Yet another batch of photos from an afternoon exploring Sendai. On the occasion of this afternoon, Mary and I visited the pleasant Kamekoa Hachimangu in the hills West of Sendai proper.
Now you may recall that we’ve already vistied one Hachiman shrine here on the Flap, so what’s all this about another? As it turns out, Hachiman Shrines are not uncommon in Japan, as Hachiman is the Shinto God of War, and War just happened to be a thing that the Warlords during the Warring States period (when a lot of these cities and shrines were built up) fought a lot of Wars about. War!
Anyway, Hachiman is also apparently the protector of Sendai, so you’re not going to run into any kind of Hachiman Shrine shortage while you’re there. Rest easy. Or not, because, you know…. war.
The entrance was a standard affair, with plenty of parking for the trek up the gentle hillside path.
As soon as you enter the treeline, it’s almost dead silent. You can still hear the freeway in the distance just barely, but it was very relaxing…
At least until you had to start climbing these stone stairs. They are awesome, no doubt, but don’t exactly employ a modern standard of stair height or spacing and, as you can see, are kind of angled all over the place after so many years. You definitely have to watch your footing and take your time a bit or you’re likely to sprain an ankle.
If you make it up those stairs (which is about halfway) you’re greeted by this fallen mini-shrine to Twisty, the Shinto God of sprained ankles. It’s broken because whoever was bringing it up this far twisted their ankle on the stairs and fell over. It’s possible I made some of this up.

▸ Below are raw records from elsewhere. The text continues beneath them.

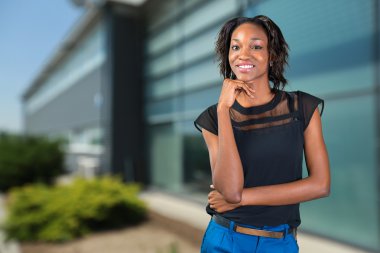 siyah kadın gülümsüyor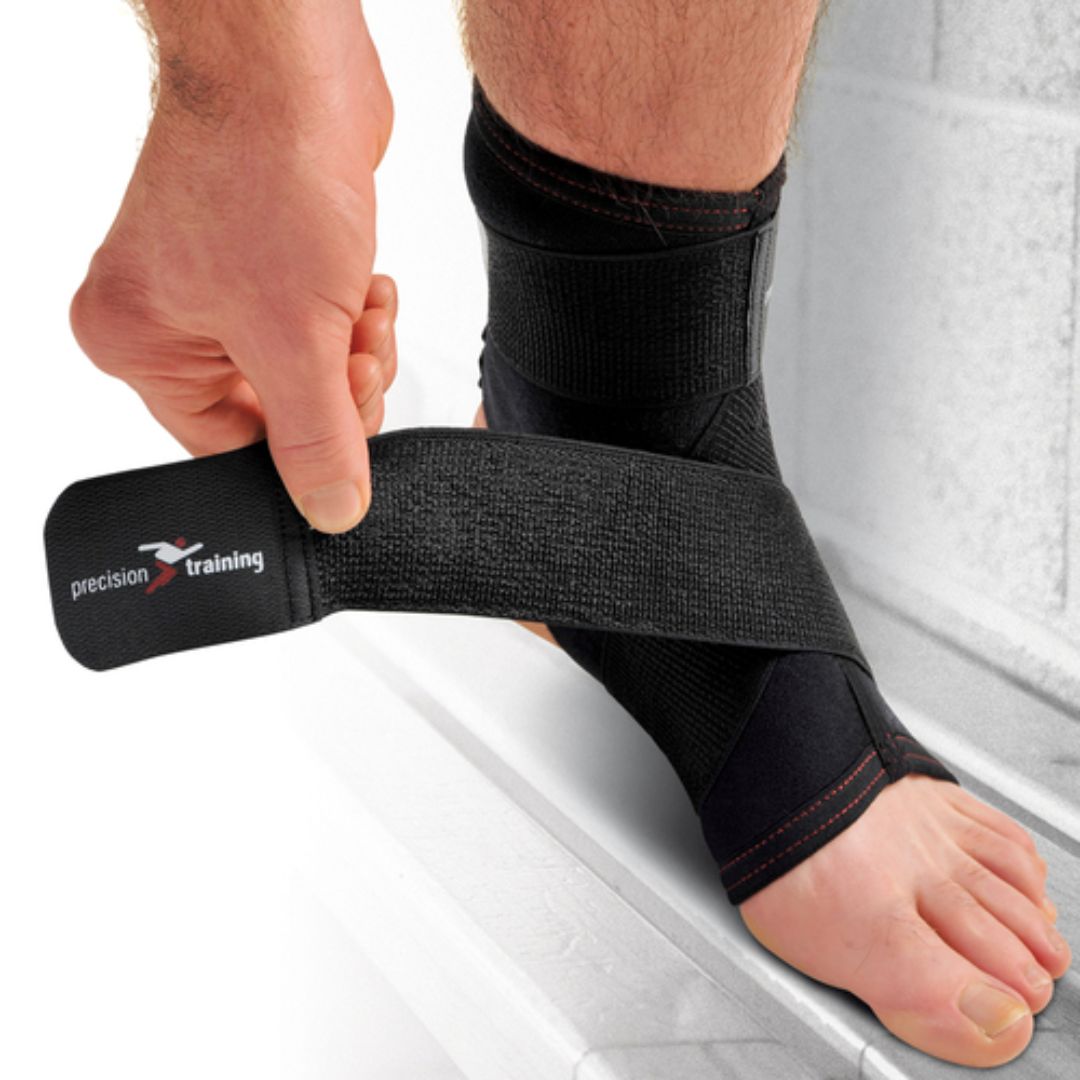PRECISION NEOPRENE ANKLE WITH STRAP TRS114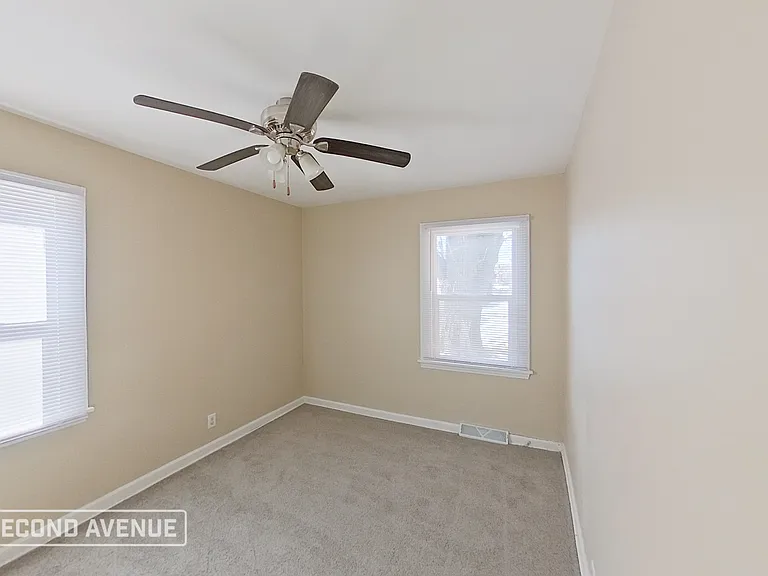 4772 Jefferson St — Photo 8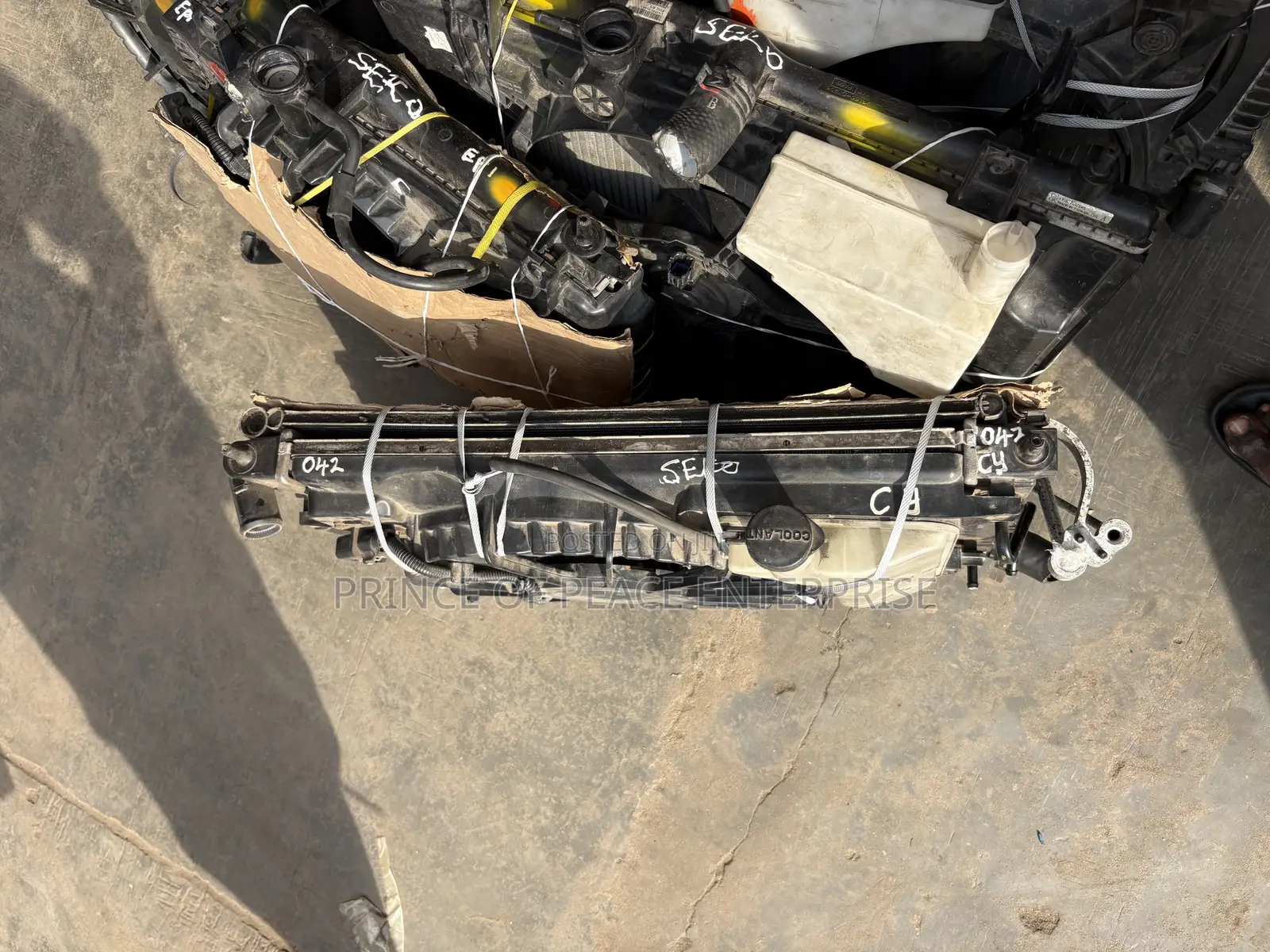 Hyundai Elantra 2012 2013 Radiator Tank, Condenser and Fan Home Used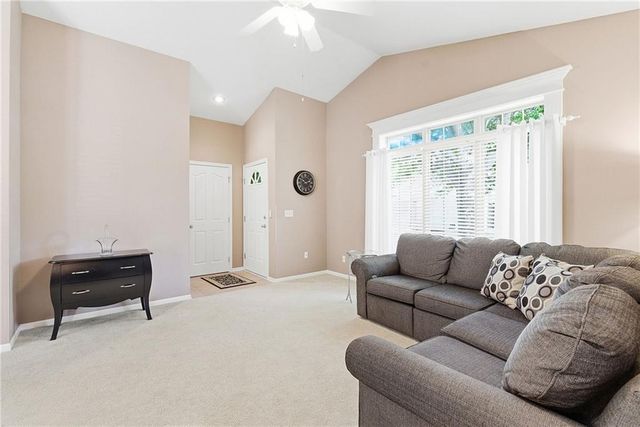15732 S Sunset Drive 800, Olathe, KS 66062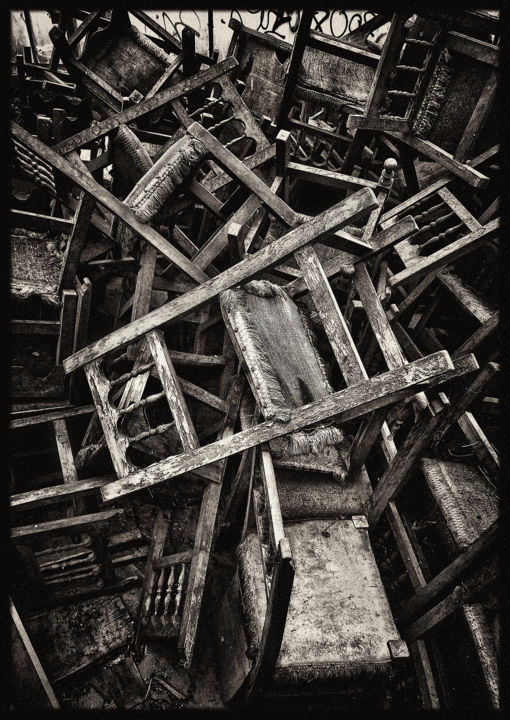 Fotografie mit dem Titel "Transient chaos" von Sol Marrades, Original-Kunstwerk, Analog Fotografie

Jokes aside, this was the highlight for me. This little steppe with a charming groundskeeper hut or something right before you arrive at the shrine. As a Tiny House fan I just loved this little thing and couldn’t help but imagine the cozy tea breaks taken in here on a chilly afternoon in late autumn.
The shrine itself is much like many others, nicely kept but nothing that’s going to blow your mind.
Some senjya fuda posted by traveling pilgrims.
On the backside of the shrine there was a paved road which is undoubtedly the main access for the resident priests and staff (you think they’re going to climb those crazy stairs every day?? Twisty don’t play that!) so we opted to follow that down in the hopes that we’d discover something else, and were immediately rewarded by this wonderful view of the city on the way back to our bikes. Nice way to round off the afternoon.